London 2012 Olympics ticket sales spark second round of anger

Olympic Stadium new turf

The Olympic Stadium, picture taken by the Stadium webcam on Monday 28 March. Photo: ODA

Powered by Guardian.co.ukThis article titled “London 2012 Olympics ticket sales spark second round of anger” was written by Owen Gibson, for The Guardian on Sunday 26th June 2011 20.31 UTC

London 2012 organisers are braced for more anger after thousands of people who missed out on tickets for the Games in the first ballot were again disappointed, despite their applications being confirmed in last week’s second-chance sale.

The ticketing system slowed to a crawl shortly after 6am on Friday morning when the 1.2 million people who failed to secure a ticket in the first phase were invited to apply for a further 2.3m tickets. But it has emerged that of the 150,000 applications so far processed, about 10% have ended up with nothing at all, despite being told initially they had secured tickets.

There were 24 sports in the second-round sale, 18 of which sold out by Friday evening. Boxing and weightlifting joined the sold-out list on Saturday. Only football, volleyball, Greco-Roman wrestling and freestyle wrestling remained for sale on Sunday.

“Over 130,000 more people will now have tickets to the Games following the first day of the second-chance sale on Friday,” said London 2012 organising committee (Locog) chairman Lord Coe. “We know there is still some disappointment from those who were not successful in their requests, but we will continue do everything we can to get them to the Games.”

Coe added: “Over a million new tickets will be offered to the British public next year from contingency seats, once venues are tested and licensed, and we aim to get as many of these tickets as possible into the hands of customers who have missed out to date.”

Many tens of thousands more will have got some of the tickets they expected, but not all of them. In all, 150,000 applications have so far been processed in the second round for about 850,000 tickets.

With just 40,000 tickets remaining for the athletics, they were all snapped up in the first 15 minutes. Only 600,000 of the 2.3m tickets on sale in the second phase were for sports other than football.

During the first frantic two hours of sale – when many reported the website was telling them to try again later and were unable to submit their application – 10 sports sold out in total.

Because the technology used by Ticketmaster, the official ticketing partner of Locog, was not a truly “live” system it relied on someone manually updating the website when tickets were no longer available. Such was the deluge of applicants for athletics in particular that a sizeable minority went all the way through the system, entered their payment details and received a confirmation email, only to find later that they did not get the tickets they had applied for after all.

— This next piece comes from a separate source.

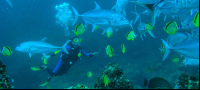        Diving Catalina Islands
  - Costa Rica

“Just under 90% received tickets, subject to payment,” said Locog. “Around 10% have not been successful due to the massive demand during the first two hours of sales where 10 sports sold out, some within 15 minutes.

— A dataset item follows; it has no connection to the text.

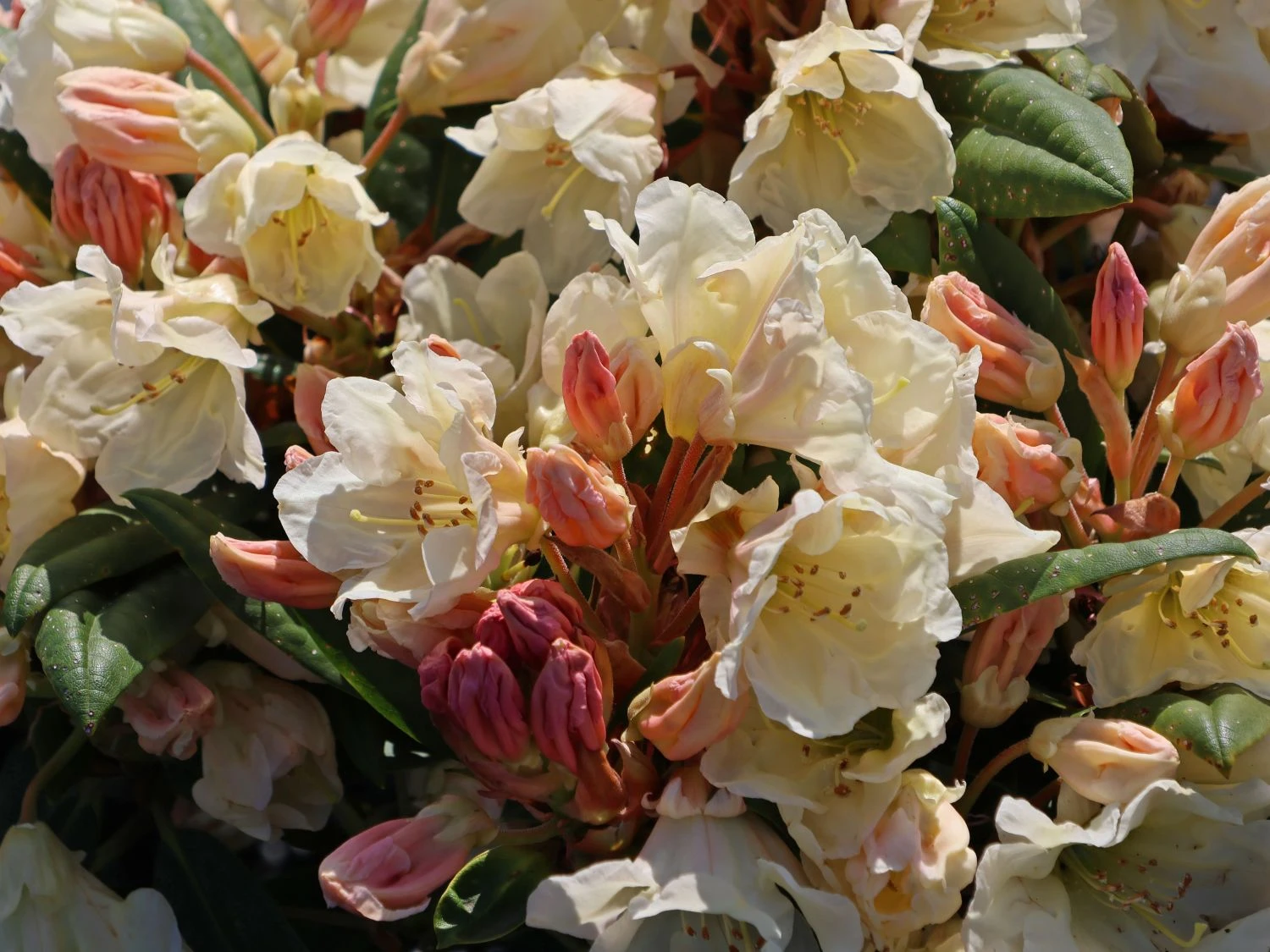 Rhododendron 'Golden Melodie' 3 Rhododendron 'Golden Melodie'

“Emails are being sent to applicants today and whilst more applicants now have tickets to the Games, we know that there are still some disappointed customers and we will do everything we can to get them to the Games.”

” More than 1m new tickets will be offered to the British public next year from contingency seats, once venues are tested and licensed, and we aim to get as many of these tickets as possible into the hands of customers who have missed out to date.”

Locog said it had always stressed that tickets were not confirmed until applicants received their second email 48 hours later.

However, it was originally thought that people would miss out only in exceptional circumstances and the vast majority of those whose applications were accepted would get the tickets they wanted.

Lord Coe has promised that at least two-thirds of the original 1.9 million applicants will get a ticket. The 700,000 who did get tickets in the first phase will have another chance to apply for what’s left – which is likely to be football and a handful of other sports – from 8 July. The remaining 1.2m tickets will go on sale from December.

Locog, criticised over aspects of the first phase of ticket sales when 3m of the 6.6m tickets on offer were sold, also had to face renewed criticism of the number that went to European applicants.

Under EU law, tickets from Locog’s application had to be made available to European purchasers. Conversely, buyers from the UK can apply for tickets from the allocations of European sellers.

Locog revealed earlier this month that 5%, or about 150,000, of the allocation had been bought by European purchasers but MPs have again criticised the process.

“Over 95% of the tickets sold in the first round went to the British public,” said Locog. “We didn’t market the tickets outside the UK, but EU law means we can’t restrict their sale within the EU based on where people live. Lots of Britons have been trying to buy tickets through agents in Europe, so it works both ways.”